1.2. Start your cluster

At this point, you should have Hadoop installed and configured for pseudo-distributed operation. To start your cluster, run the following commands:

# /etc/init.d/hadoop-0.20-namenode start
# /etc/init.d/hadoop-0.20-datanode start
# /etc/init.d/hadoop-0.20-secondarynamenode start
# /etc/init.d/hadoop-0.20-jobtracker start
# /etc/init.d/hadoop-0.20-tasktracker start

To verify that your cluster is running, visit http://localhost:50030 in your web browser. You should see the Hadoop JobTracker Web Interface. To verify that the namenode is running, visit http://localhost:50070.

Additionally, you can now run a simple example job to verify that your cluster can execute MapReduce jobs:

$ hadoop-0.20 jar /usr/lib/hadoop-0.20/hadoop*examples*jar pi 2 10000

After a minute or so, this example job should print out a very rough approximation of the value of Pi.

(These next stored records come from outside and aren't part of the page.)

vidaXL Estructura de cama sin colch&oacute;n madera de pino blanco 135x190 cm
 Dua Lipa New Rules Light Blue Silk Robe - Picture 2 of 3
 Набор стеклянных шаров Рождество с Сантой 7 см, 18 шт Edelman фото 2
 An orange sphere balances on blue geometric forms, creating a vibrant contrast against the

2. Starting Cloudera Desktop

Once your cluster is up and running with the plugins enabled, you can start Cloudera Desktop. On your Cloudera Desktop Server, run:

# /etc/init.d/cloudera-desktop start

Congratulations! Your Cloudera Desktop installation is now up and running!

3. Usage

After installation, you use Cloudera Desktop by simply navigating to http://myserver:8088/. You'll be greeted with a login screen:

After login, you'll be greeted with a welcome screen.

Launch applications on the top-right.

3.1. Feedback

Cloudera Desktop is currently in a public beta, and we're excited to receive your feedback and criticisms. We expect that you may uncover some bugs and mishaps. The best way to send feedback is to post to our GetSatisfaction page at http://getsatisfaction.com/cloudera/products/cloudera_cloudera_desktop.

3.2. Reporting Bugs

If you find that something doesn't work, it'll often be helpful to include logs from your server. These are available at the /logs URL on Desktop's webserver (not part of the graphical Desktop UI). Please download the logs as a zip (or cut and paste the ones that look relevant) and send those with your bug reports.